We sailed down to Shipstal point for a picnic and then back to the marina. We were firmly aground with the low tide when we came back from a walk. For the first time I tried the trick of pumping out the ballast to lighten and float the boat. It worked, but I can't help feeling that the rise of tide in the time I spent pumping probably had as much to do with it as anything else.

Very pleasant, relaxing sail. There is a lot of weed growth on the paintwork, where it splashes above the antifouling. I shall repaint the boot top with a white antifoul over the winter, and probably take it a bit higher up the sides. The Coppercoat still stays clean.

The shed is coming on well, with the first courses of the base blockwork coming out of the ground. The blocks are made from local limestone by a family just across the road from us. They are just like natural stone, so it should look good. All being well it will be ready in time for the winter.

27 August 2010

Quick checkup visit 5nm (387nm total)

The weather has been miserable.
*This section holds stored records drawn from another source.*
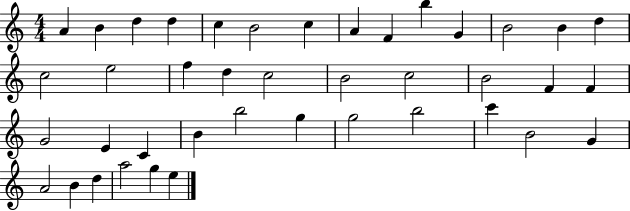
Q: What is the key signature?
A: C major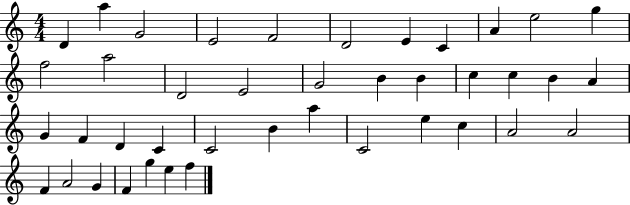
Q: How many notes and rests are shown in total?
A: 41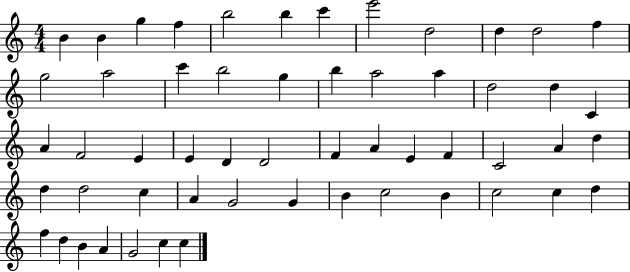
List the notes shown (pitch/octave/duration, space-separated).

B4/q B4/q G5/q F5/q B5/h B5/q C6/q E6/h D5/h D5/q D5/h F5/q G5/h A5/h C6/q B5/h G5/q B5/q A5/h A5/q D5/h D5/q C4/q A4/q F4/h E4/q E4/q D4/q D4/h F4/q A4/q E4/q F4/q C4/h A4/q D5/q D5/q D5/h C5/q A4/q G4/h G4/q B4/q C5/h B4/q C5/h C5/q D5/q F5/q D5/q B4/q A4/q G4/h C5/q C5/q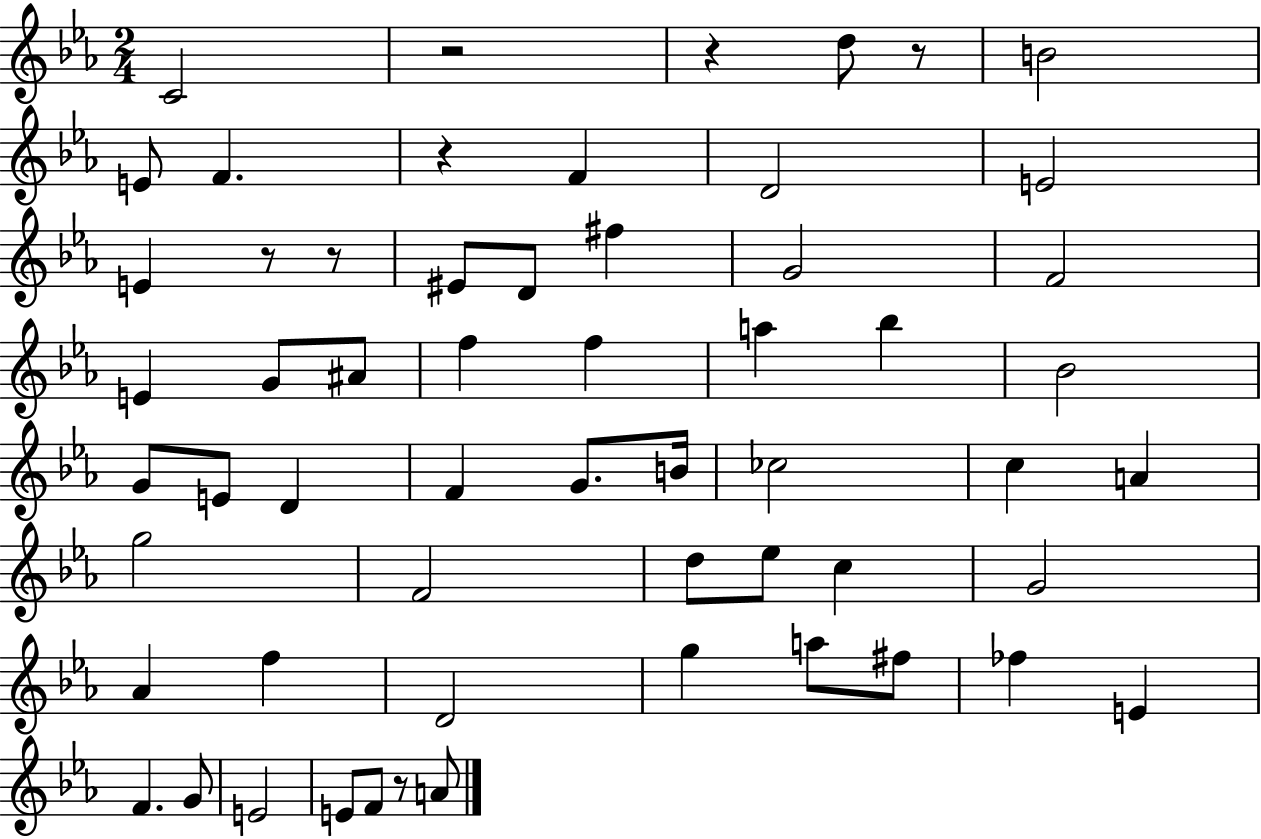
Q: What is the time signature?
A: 2/4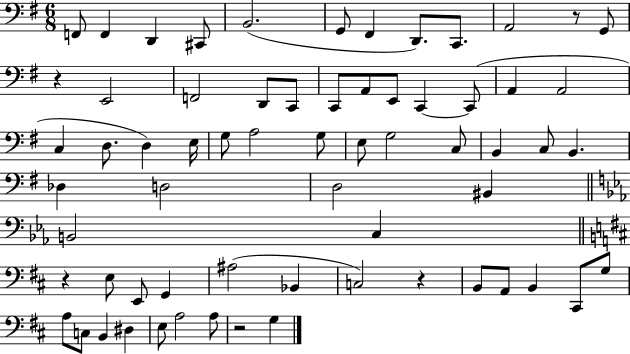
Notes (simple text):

F2/e F2/q D2/q C#2/e B2/h. G2/e F#2/q D2/e. C2/e. A2/h R/e G2/e R/q E2/h F2/h D2/e C2/e C2/e A2/e E2/e C2/q C2/e A2/q A2/h C3/q D3/e. D3/q E3/s G3/e A3/h G3/e E3/e G3/h C3/e B2/q C3/e B2/q. Db3/q D3/h D3/h BIS2/q B2/h C3/q R/q E3/e E2/e G2/q A#3/h Bb2/q C3/h R/q B2/e A2/e B2/q C#2/e G3/e A3/e C3/e B2/q D#3/q E3/e A3/h A3/e R/h G3/q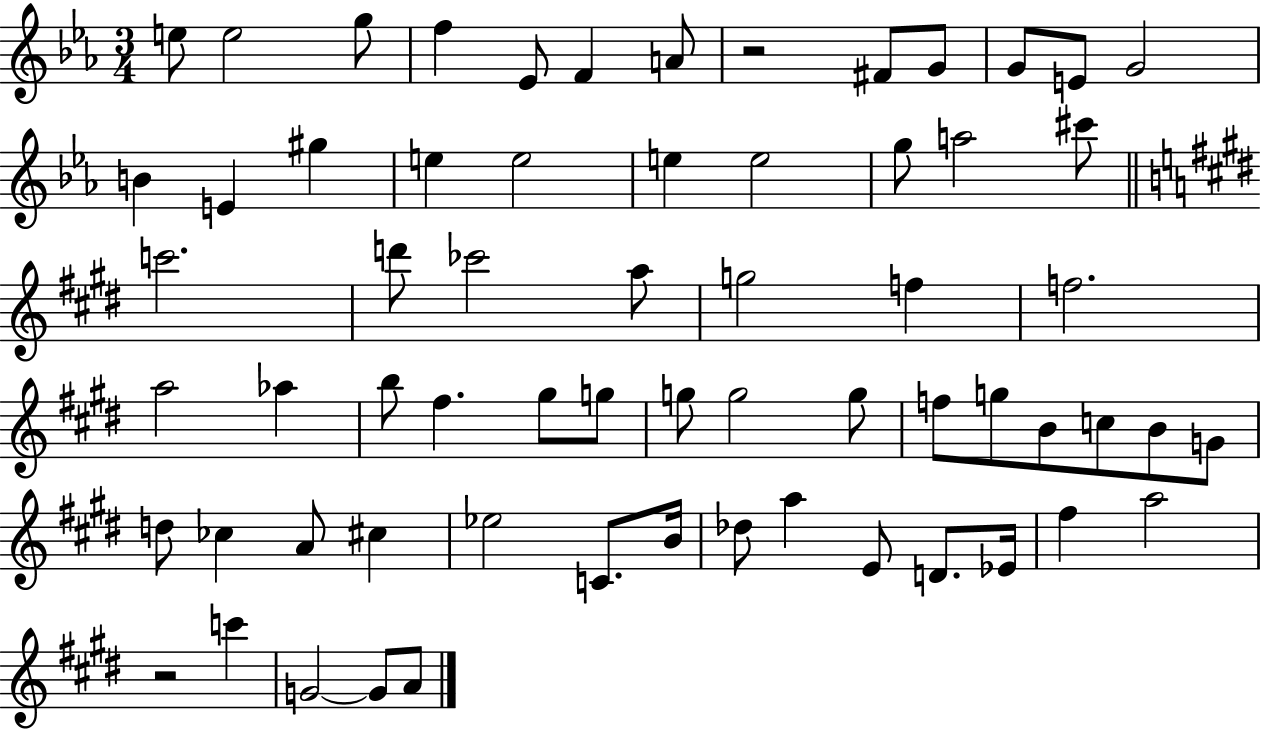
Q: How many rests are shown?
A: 2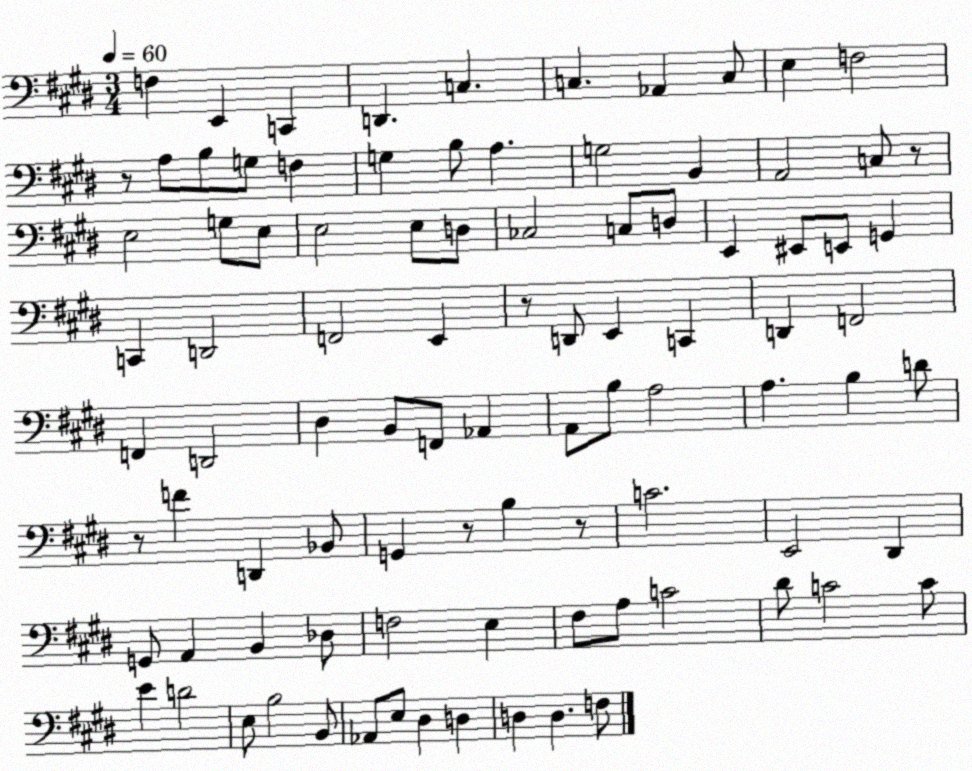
X:1
T:Untitled
M:3/4
L:1/4
K:E
F, E,, C,, D,, C, C, _A,, C,/2 E, F,2 z/2 A,/2 B,/2 G,/2 F, G, B,/2 A, G,2 B,, A,,2 C,/2 z/2 E,2 G,/2 E,/2 E,2 E,/2 D,/2 _C,2 C,/2 D,/2 E,, ^E,,/2 E,,/2 G,, C,, D,,2 F,,2 E,, z/2 D,,/2 E,, C,, D,, F,,2 F,, D,,2 ^D, B,,/2 F,,/2 _A,, A,,/2 B,/2 A,2 A, B, D/2 z/2 F D,, _B,,/2 G,, z/2 B, z/2 C2 E,,2 ^D,, G,,/2 A,, B,, _D,/2 F,2 E, ^F,/2 A,/2 C2 ^D/2 C2 C/2 E D2 E,/2 B,2 B,,/2 _A,,/2 E,/2 ^D, D, D, D, F,/2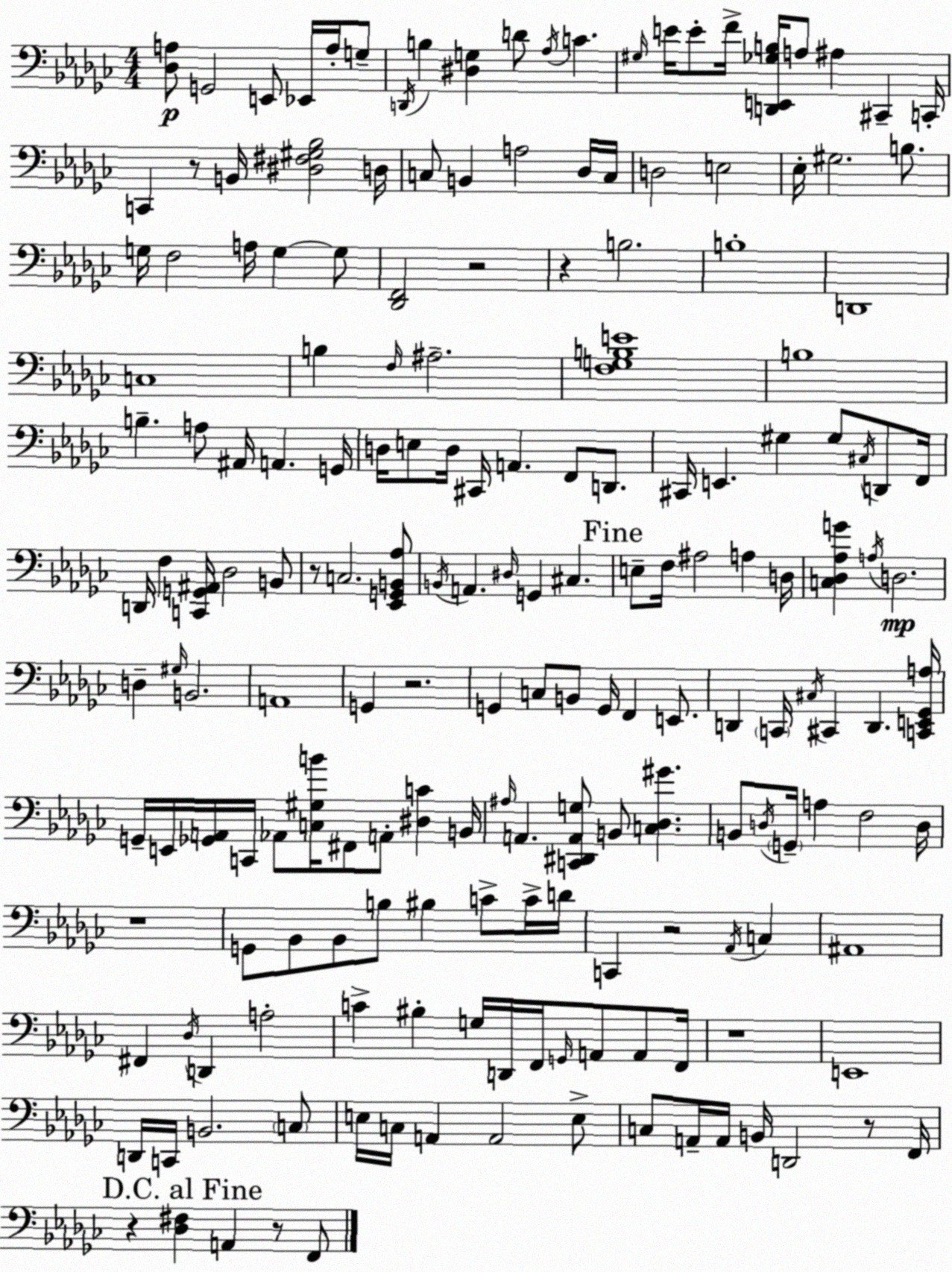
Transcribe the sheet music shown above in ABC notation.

X:1
T:Untitled
M:4/4
L:1/4
K:Ebm
[_D,A,]/2 G,,2 E,,/2 _E,,/4 A,/4 G,/2 D,,/4 B, [^D,G,] D/2 _A,/4 C ^G,/4 E/4 E/2 F/4 [D,,E,,_G,B,]/4 A,/2 ^A, ^C,, C,,/4 C,, z/2 B,,/4 [^D,^F,^G,_B,]2 D,/4 C,/2 B,, A,2 _D,/4 C,/4 D,2 E,2 _E,/4 ^G,2 B,/2 G,/4 F,2 A,/4 G, G,/2 [_D,,F,,]2 z2 z B,2 B,4 D,,4 C,4 B, F,/4 ^A,2 [F,G,B,E]4 B,4 B, A,/2 ^A,,/4 A,, G,,/4 D,/4 E,/2 D,/4 ^C,,/4 A,, F,,/2 D,,/2 ^C,,/4 E,, ^G, ^G,/2 ^C,/4 D,,/2 F,,/4 D,,/4 F, [C,,G,,^A,,]/4 _D,2 B,,/2 z/2 C,2 [_E,,G,,B,,_A,]/2 B,,/4 A,, ^D,/4 G,, ^C, E,/2 F,/4 ^A,2 A, D,/4 [C,_D,_A,G] A,/4 D,2 D, ^G,/4 B,,2 A,,4 G,, z2 G,, C,/2 B,,/2 G,,/4 F,, E,,/2 D,, C,,/4 ^C,/4 ^C,, D,, [C,,E,,_G,,A,]/4 G,,/4 E,,/4 [_G,,A,,]/4 C,,/4 _A,,/2 [C,^G,B]/4 ^F,,/2 A,,/2 [^D,C] B,,/4 ^A,/4 A,, [C,,^D,,A,,G,]/2 B,,/2 [C,_D,^G] B,,/2 D,/4 G,,/4 A, F,2 D,/4 z4 G,,/2 _B,,/2 _B,,/2 B,/2 ^B, C/2 C/4 D/4 C,, z2 _A,,/4 C, ^A,,4 ^F,, _D,/4 D,, A,2 C ^B, G,/4 D,,/4 F,,/4 G,,/4 A,,/2 A,,/2 F,,/4 z4 E,,4 D,,/4 C,,/4 B,,2 C,/2 E,/4 C,/4 A,, A,,2 E,/2 C,/2 A,,/4 A,,/4 B,,/4 D,,2 z/2 F,,/4 z [_D,^F,] A,, z/2 F,,/2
I popped down to Poole just for a day to check up on Daisy G. No problems, but she is growing quite a bit of weed on the waterline where the water splashes up above the antifouling. The CopperCoat is absolutely clean, but where the ordinary paint touches the water there is a layer of green weed. I'll have to see if I can add an antifoul boot-top over the winter.

Made a few adjustments to the cleats for securing the fenders, so that they can be hung and removed a bit more quickly. Went for a short sail just under mizzen and jib, but the wind died. Had a little thrill. I noticed two yachts touching each other on some moorings, which didn't look right. When I went to have a look, one moved away and I realised it had broken its mooring. For the very first time I pressed the broadcast button on my handheld VHF and called the harbourmaster. To my surprise they heard me, even though I was well over a mile from the harbour. I told them there was a drifting yacht and a while later one of their ribs came and towed it away. I have no idea where it came from, so the owner is in for a bit of a shock, but at least it isn't damaged.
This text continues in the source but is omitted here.